02
May
2017

Recent Reading

2017 continues to be an excellent year for reading, even if the rest of my life got so busy I neglected to update in a timely manner, oops. Here’s what I’ve been reading in the last few months, with links to Goodreads for actual synopsis.

George by Alex Gino [MG Contemporary]
A young trans girl wants to play Charlotte in her school production of Charlotte’s Web. A sweet, bittersweet, triumphant book that I would highly recommend to any young reader, especially anyone who might be curious about gender identity. Which makes it sound like this is an “issues” book, but it’s not just that. It’s funny and warm and absolutely wonderful.

Three Dark Crowns by Kendare Blake [YA Fantasy]
Three sisters must battle each other for the crown of their kingdom. I am generally not a fan of third person present POV but this one sucked me in right away with beautiful prose and an intriguing promise. It was slightly slower-paced than my ideal but I loved the characterizations and just sort of dwelling in the world. I will be keeping my eye out for the next in the series.

Peas and Carrots by Tanita S. Davis [YA Contemporary]
A girl and her foster sister have to learn to live together. It was the prickly relationship between the two foster sisters that really won me over here. I loved them both so much! Also some meaty and thoughtful explorations of family, race, and class.

Piecing Me Together by Renée Watson [YA Contemporary]
A black girl from a poor neighborhood negotiates the possibilities and the indignities of her scholarship to a rich, mostly white prep school. Such a great and powerful voice! There’s a lot packed into this book but it all works. An interesting companion to the below, which covers similar material but has a very different feel. Both are excellent and thought-provoking and compelling in their own ways.

The Hate U Give by Angie Thomas [YA Contemporary]
A black girl attending a mostly-white, mostly rich high school finds her two lives clashing when she’s the eyewitness to the fatal shooting of an unarmed black boy by a police officer. This was just as amazing as everyone has been saying. I am so happy this book is getting attention. Voice and characterization are both fantastic, and in spite of all the many different elements included the story is always there, always organic. Yes, this is a book inspired by the #blacklivesmatter movement, but it’s also a book about a girl who feels completely real, whose life and choices matter.

Homegoing by Yaa Gyasi [Adult Historical]
The story of two African half-sisters– one who marries a British slaver, one who is sold into slavery– and their descendants, tracing both family histories to the present day. Fascinating and heart-wrenching. I am so impressed by the immersive detail of the settings, and how quickly Gyasi could pull me in each time the narrator changed.

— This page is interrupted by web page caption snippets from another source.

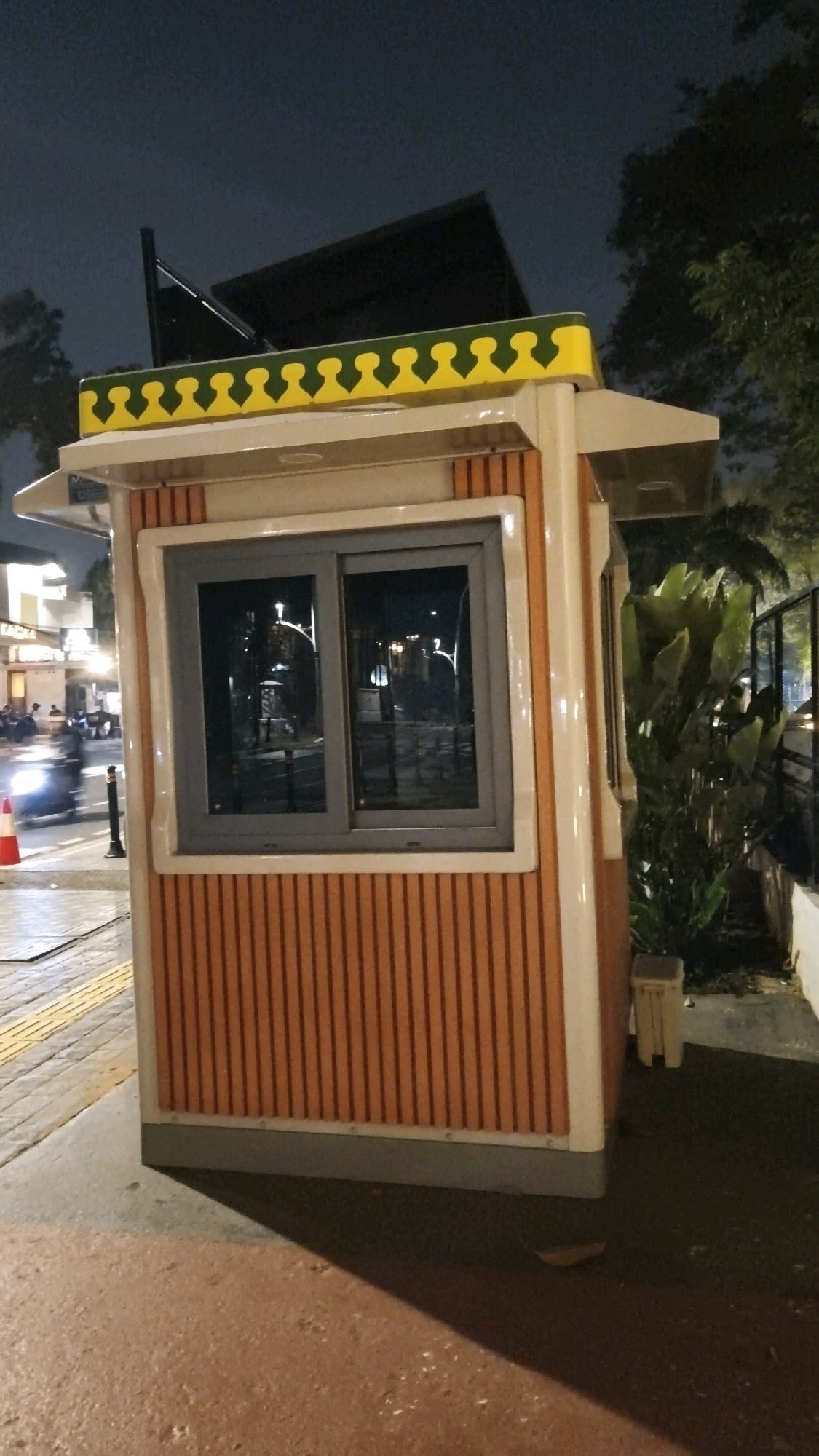 A night-time outdoor scene in South Jakarta, Indonesia, features a small, brightly colored guard booth. The booth has a beige and orange striped exterior with a decorative yellow and green trim along the roofline. A large, reflective window is visible on the front of the booth. To the left, a traffic cone sits on a sidewalk next to a street with blurred car lights, indicating movement. In the background, trees and foliage are visible, along with some buildings and streetlights. The ground in front of the booth appears to be paved with reddish-brown material.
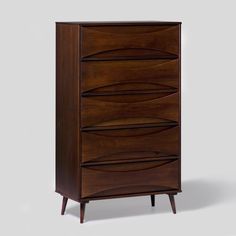 the chest of drawers is made from wood and has five drawers on each side, with three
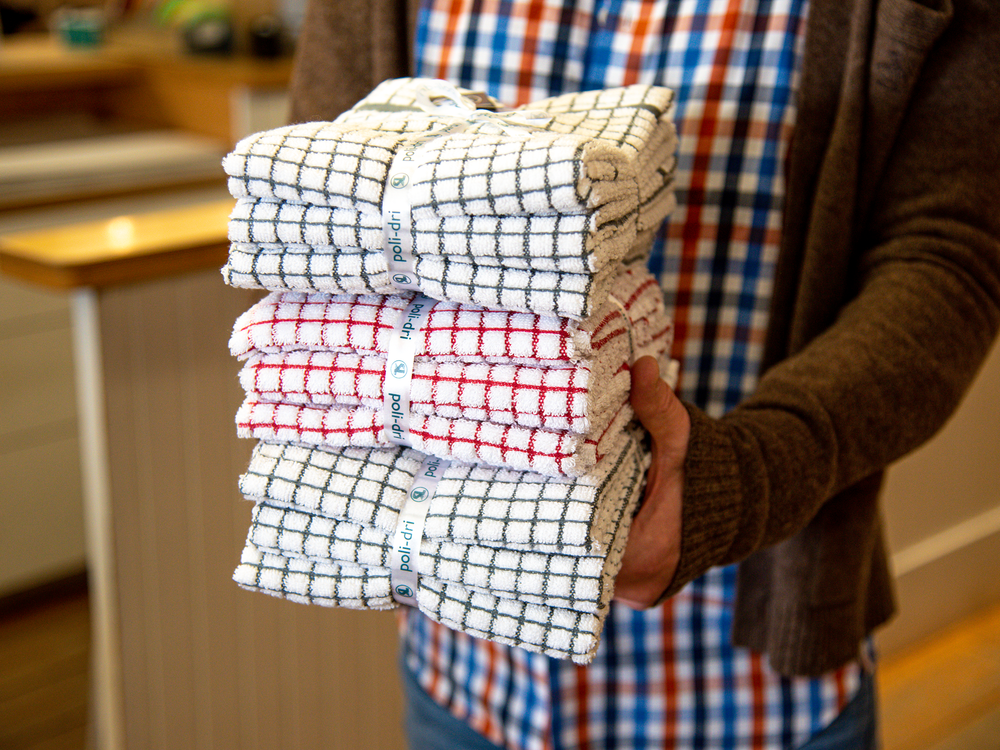A staff member holds a stack of patterned towels.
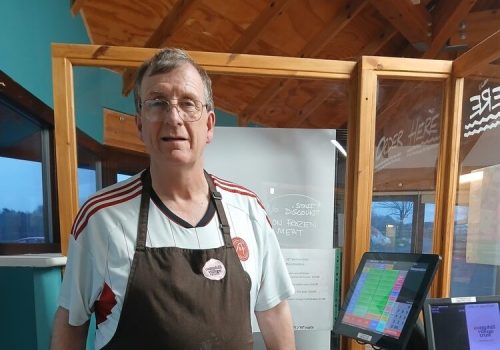 A man in a Camphill Village Trust apron behind a till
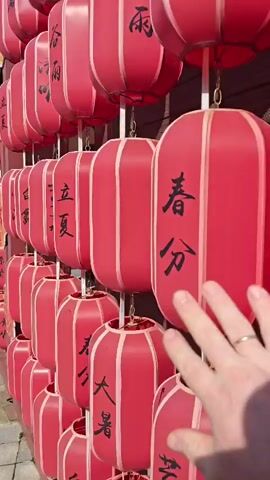The video shows a close-up of a wall adorned with numerous red, cylindrical lanterns. These lanterns are hanging in neat rows, attached to vertical poles with chains. Black Chinese characters are inscribed on many of the lanterns. A person's hand, with a ring on one finger, is seen reaching out and touching some of the lanterns and an orange flower-shaped decoration. The background suggests an outdoor setting with wooden elements and a sunny ambiance. The camera pans slightly, offering different angles of the lanterns and the hand's interaction with them.
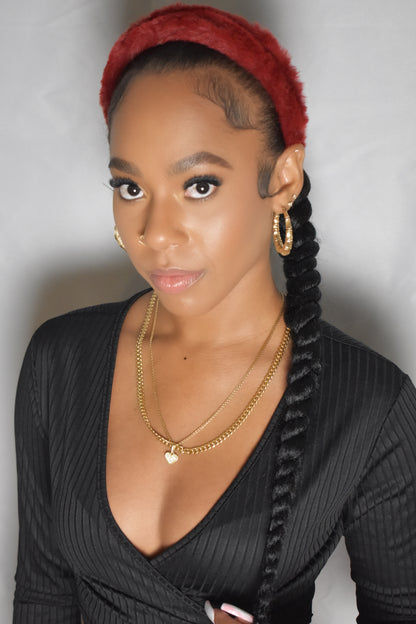 Woman with braided hair wearing a blue headband and gold jewelry. Snow Crown faux fur headband in soft plush material. Close-up of Snow Crown faux fur texture. Snow Crown faux fur headband styled as cute Y2K winter accessory. Snow Crown faux fur headband available in multiple colors.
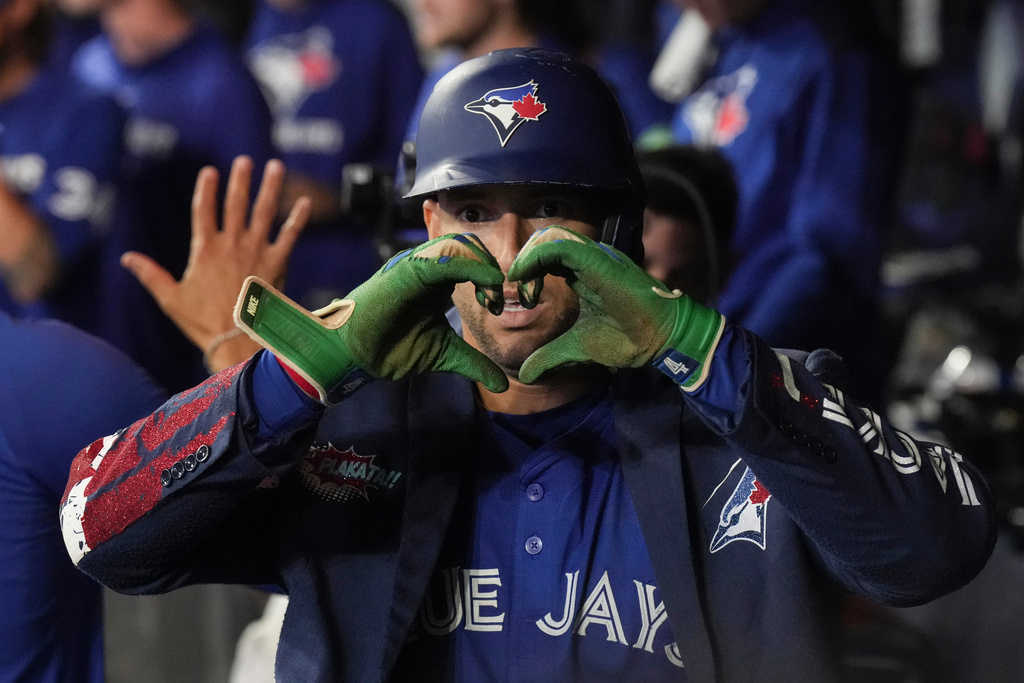 Toronto Blue Jays' George Springer (4) celebrates in the dug out after hitting a two-run home run off Boston Red Sox pitcher Zack Kelly during sixth inning MLB baseball action in Toronto on Thursday September 25, 2025. (Chris Young/The Canadian Press via AP)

Pretty Face by Lucy Parker [Adult Romance]
A fun and fluffy (in a good way!) romance set against the backdrop of the London west end theater community.

The Black Unicorn by Audre Lorde [Poetry]
Rich and mythic and intense.

Binti and Home by Nnedi Okorafor [Adult SF Novellas]
I am having trouble coming up with a short description of these novellas, because they’re so wild and rich and unexpected. But they’ve got an awesome, smart mathematician protagonist, deadly tentacled aliens, and a galactic university. I loved both these stories, even though the second one ends in a massive cliffhanger (hopefully that means there is a third novella coming!)

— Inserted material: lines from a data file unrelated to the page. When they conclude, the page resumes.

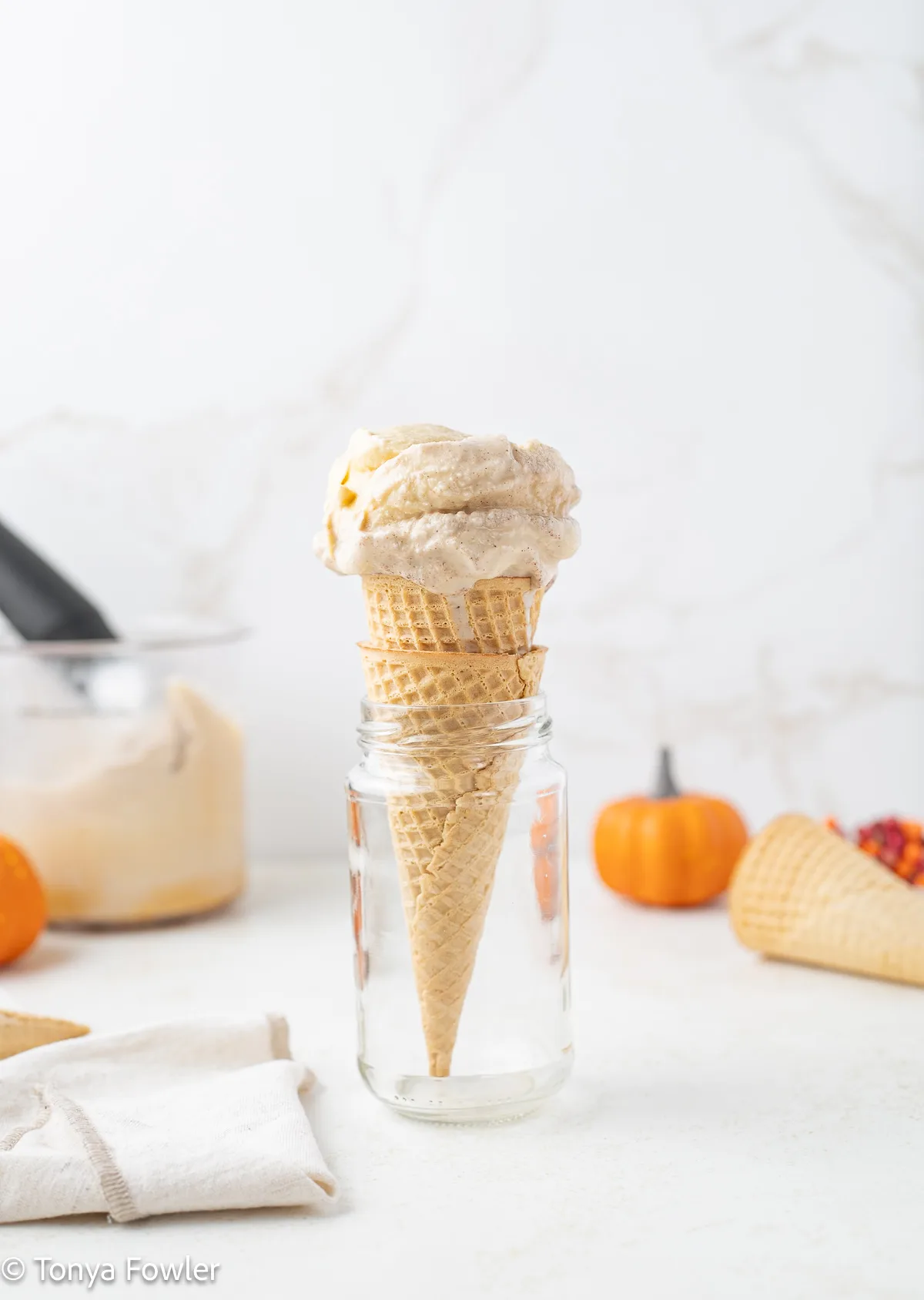 A scoop of pumpkin spice ice cream in an ice cream cone inside of a jar.
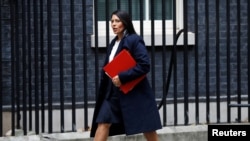 FILE - Priti Patel, Britain's secretary of state for international development arrives in Downing Street, in London, October 31, 2017.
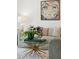 Close-up of a stylish coffee table, showcasing a unique design and decorative elements in the well-lit living room at 521 Carpenter St, Charleston, SC 29412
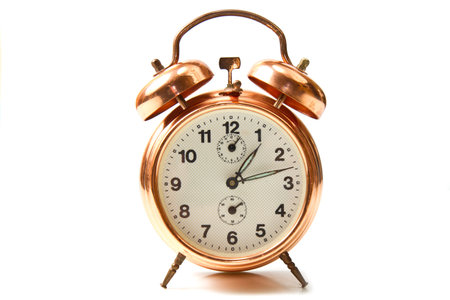  old style alarm clock isolated on white 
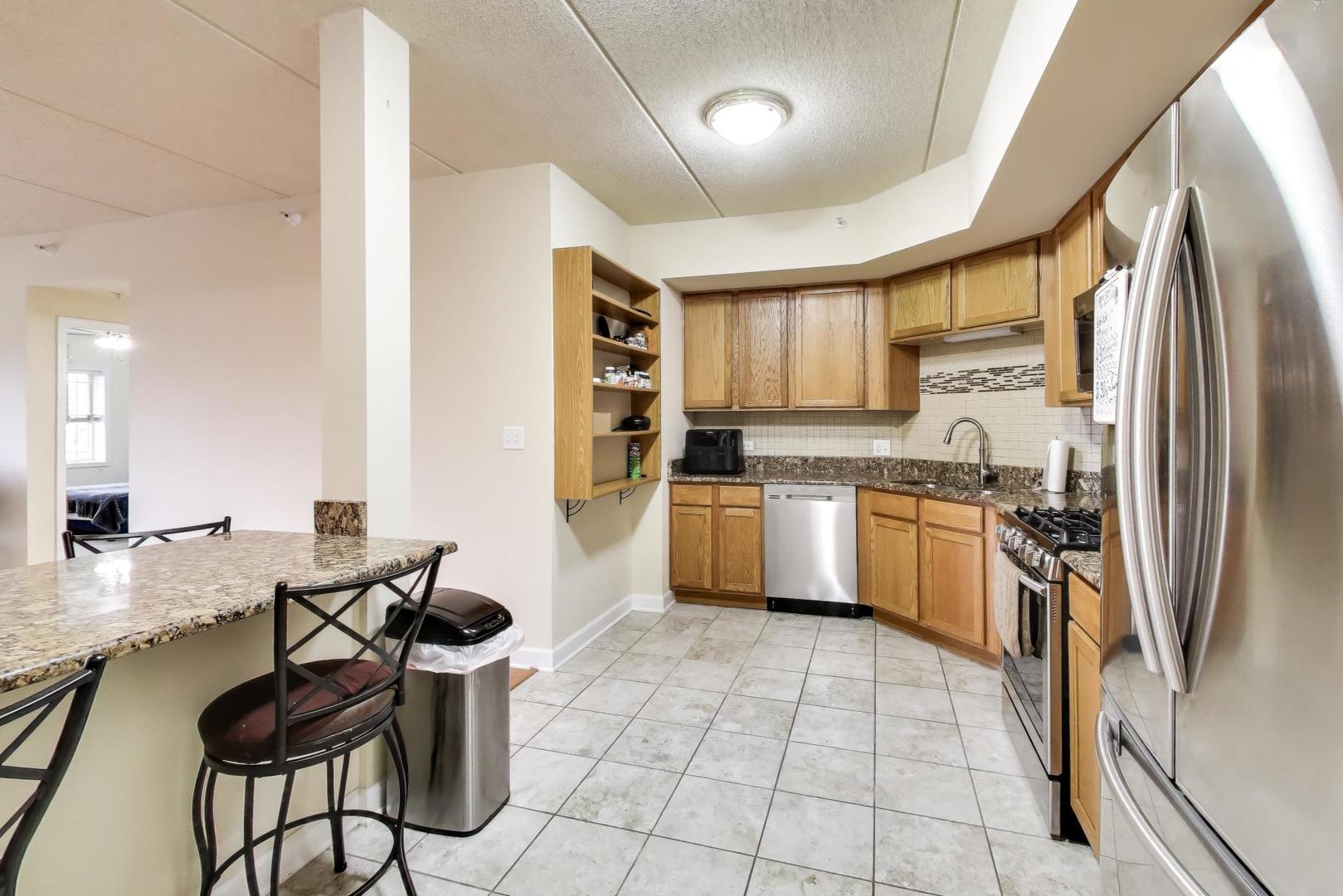 77 North Wolf Road, Unit 312 Northlake, IL 60164 - Photo 3 of 19 a kitchen with stainless steel appliances granite countertop a stove a sink dishwasher a refrigerator and cabinets with wooden floor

Just Mercy: A Story of Justice and Redemption by Bryan Stevenson [Nonfiction]
The real-life story of Bryan Stevenson’s experiences as a young, black lawyer working to defend those trapped by the legal system– including the poor, the wrongly condemned, and children sentenced to life in prison. To be honest, this may be the most challenging book I’ve ever read in terms of the raw and brutal depiction of the horrendous racism in our legal system, but it was definitely a book I was glad to read. I wish everyone would read this and reconsider what we define as “justice.”

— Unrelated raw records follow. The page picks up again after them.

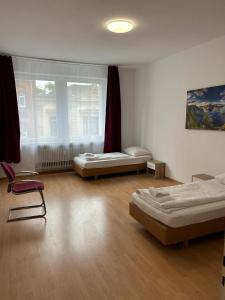 1 dormitorio con 2 camas, ventana y silla en Othman Appartements Falkenstraße 26 en Hannover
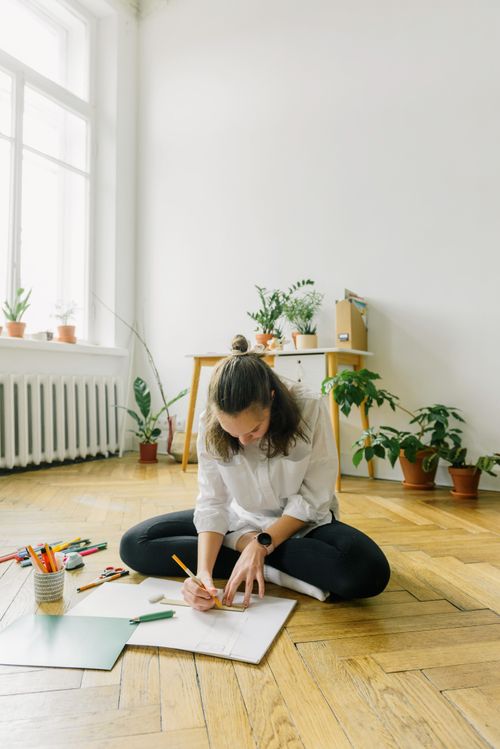 Free A woman is sitting on a wooden floor, sketching with colorful pencils in a bright, plant-filled room. Stock Photo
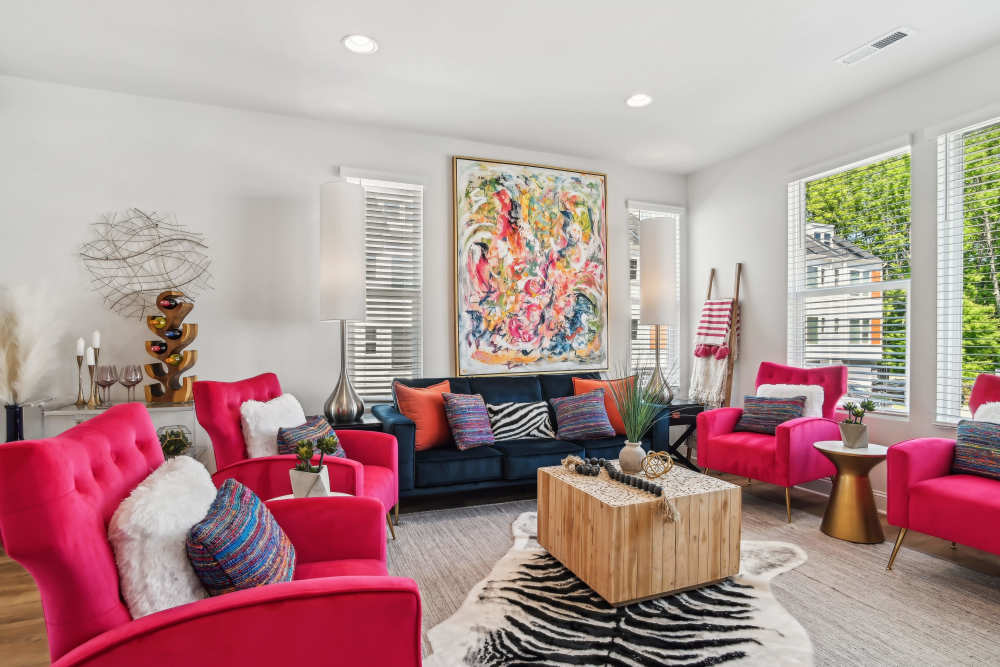 Living room with ample sunlight at Crossings At NoDa in Charlotte, North Carolina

Hidden Figures: The American Dream and the Untold Story of the Black Women Mathematicians Who Helped Win the Space Race by Margot Lee Shetterly [Adult Nonfiction]
The book that inspired the (excellent!) movie! I’m glad to have read the book, because there’s so much more detail that didn’t make it into the movie. These woman were amazing, and I’m so glad that they are no longer quite so “hidden.”